┌────────

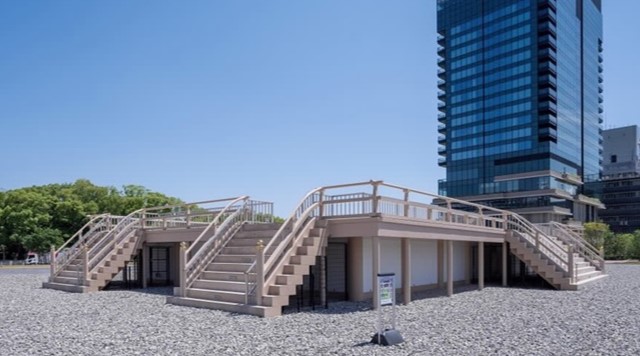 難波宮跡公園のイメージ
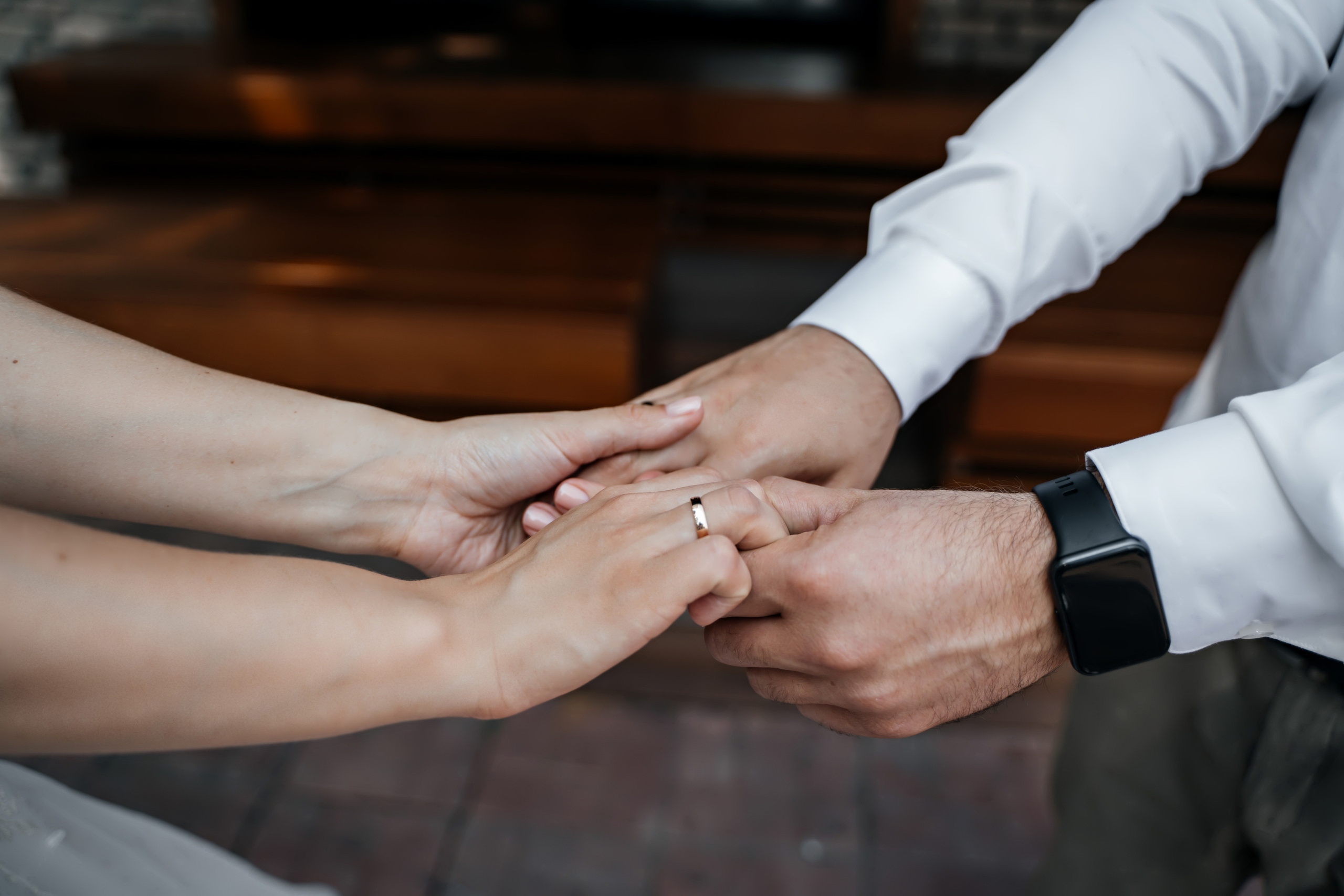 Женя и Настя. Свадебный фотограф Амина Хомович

└────────
┌────────

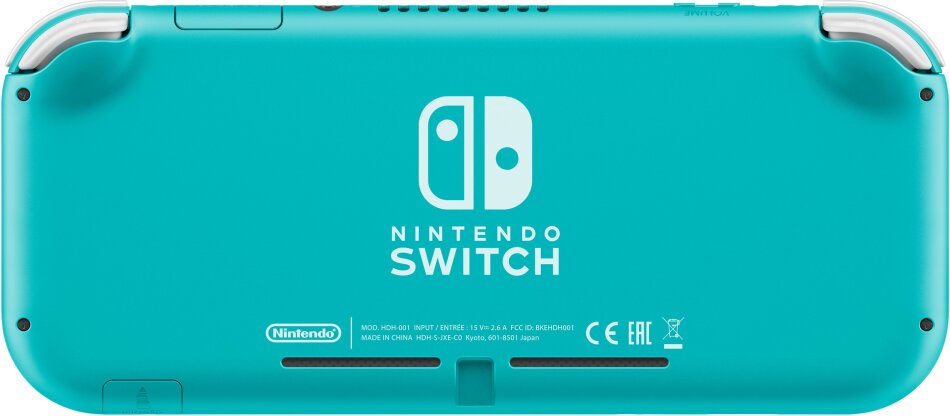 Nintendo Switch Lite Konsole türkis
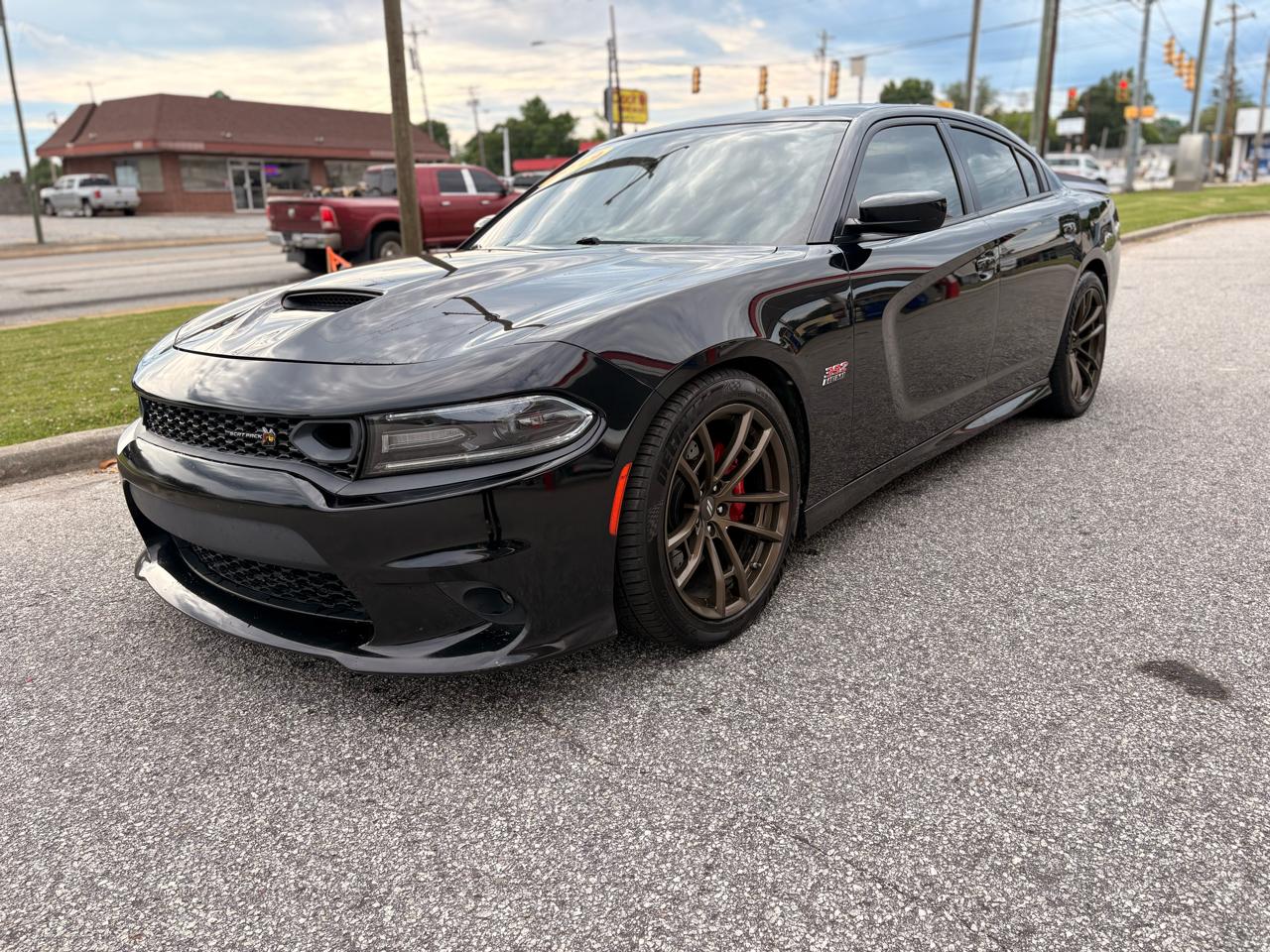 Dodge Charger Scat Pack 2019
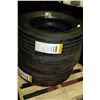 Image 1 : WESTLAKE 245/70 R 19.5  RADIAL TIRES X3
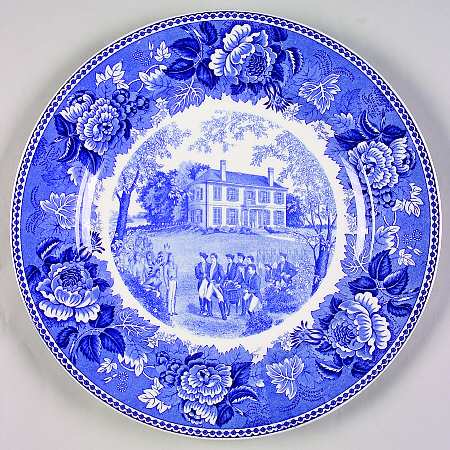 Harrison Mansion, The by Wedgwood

└────────

Exact copy, pictures excluded: from the line with "Image 1 : WESTLAKE" up to and including the line with "Harrison Mansion, The by Wedgwood" in the data above.

## Task output
 Image 1 : WESTLAKE 245/70 R 19.5  RADIAL TIRES X3
 Harrison Mansion, The by Wedgwood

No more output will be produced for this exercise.